- **PROBLEM TO SOLVE**
What you return must match the records word for word, except that images are dropped.

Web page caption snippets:
--
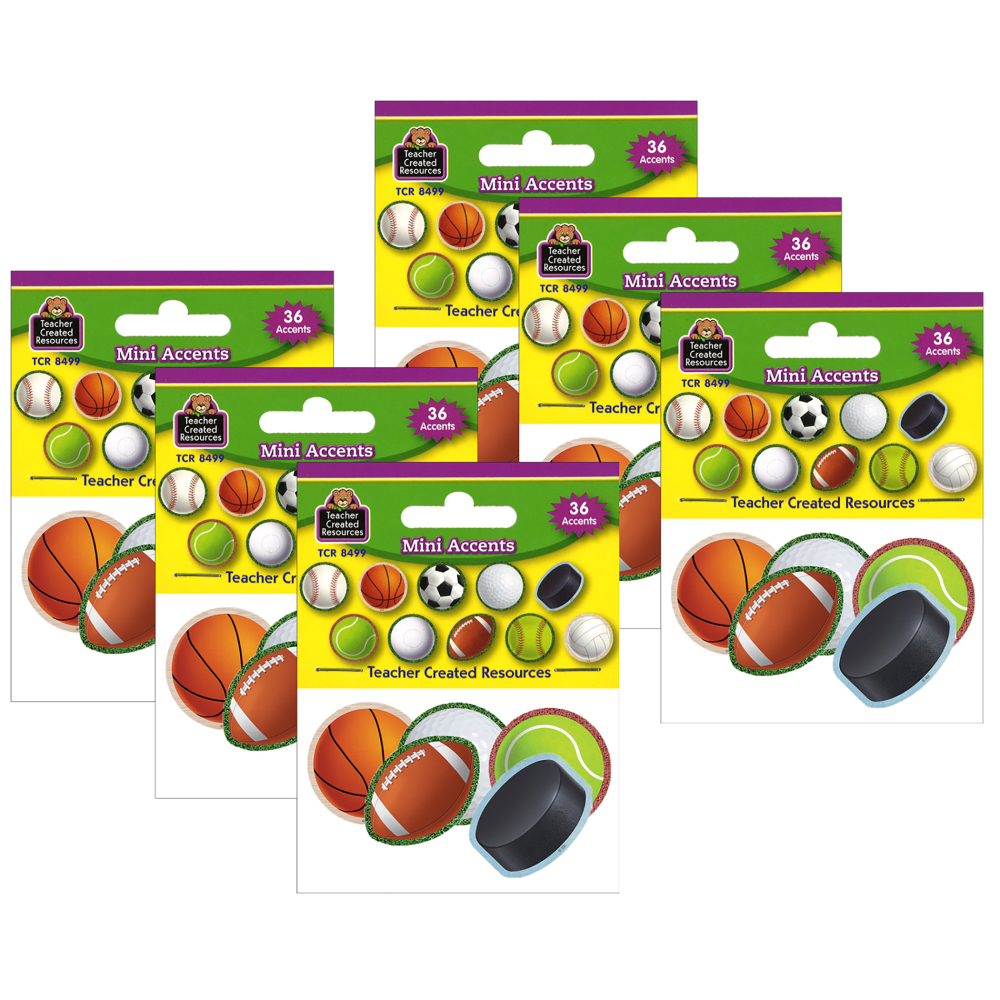 Teacher Created Resources Mini Accents, Sports, 36 Pieces Per Pack, Set Of 6 Packs MPN:TCR8499-6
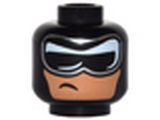 Black Minifig, Head Balaclava, Black and White Mask with Silver Edge and Crooked, Off-Center Scowl on Nougat Colored Face Pattern - Stud Recessed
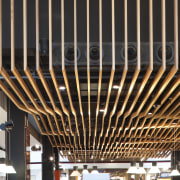 View of ceiling detail with fans in food ceiling, black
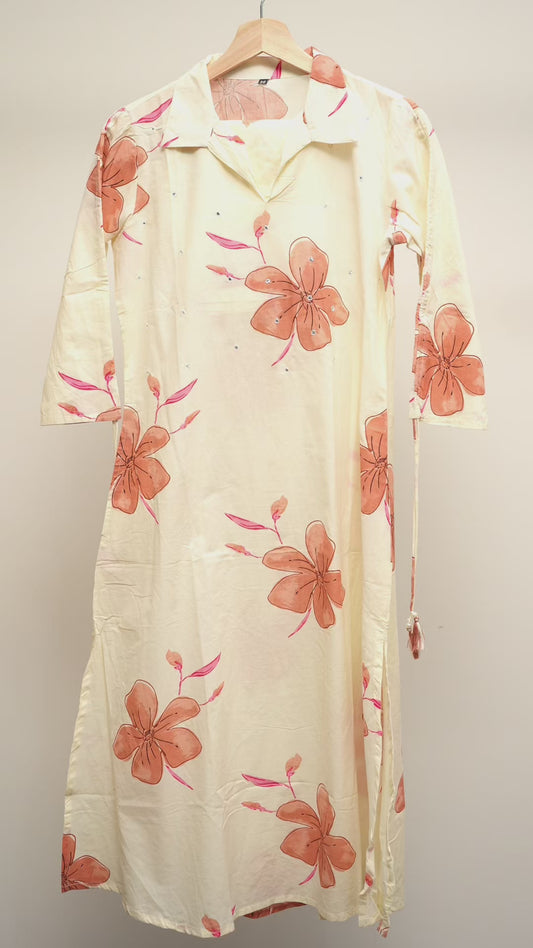Elegant Beige Floral Kurti with Subtle Embroidery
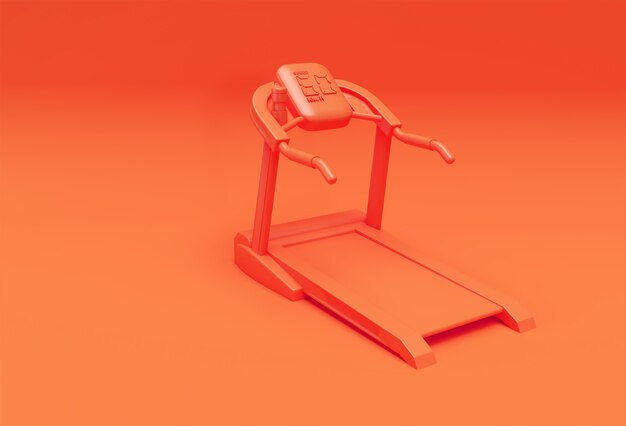 3D-Rendering Laufband oder Laufband auf orangem Hintergrund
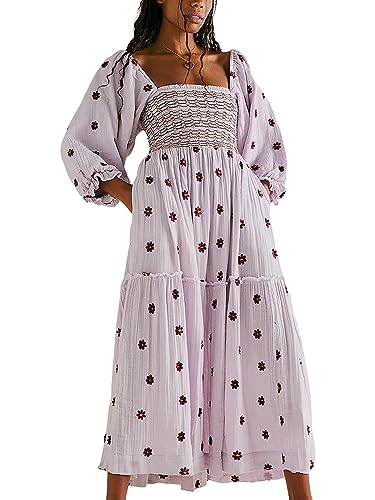 Springcmy Damen-Maxikleid mit Blumenstickerei, Laternenärmel, quadratischer Ausschnitt, rauchfarben, fließendes Strandkleid, Sommerkleid, A-purple, S von Springcmy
--
- **THE COMPLETED TASK**
 Teacher Created Resources Mini Accents, Sports, 36 Pieces Per Pack, Set Of 6 Packs MPN:TCR8499-6
 Black Minifig, Head Balaclava, Black and White Mask with Silver Edge and Crooked, Off-Center Scowl on Nougat Colored Face Pattern - Stud Recessed
 View of ceiling detail with fans in food ceiling, black
Elegant Beige Floral Kurti with Subtle Embroidery
 3D-Rendering Laufband oder Laufband auf orangem Hintergrund
 Springcmy Damen-Maxikleid mit Blumenstickerei, Laternenärmel, quadratischer Ausschnitt, rauchfarben, fließendes Strandkleid, Sommerkleid, A-purple, S von Springcmy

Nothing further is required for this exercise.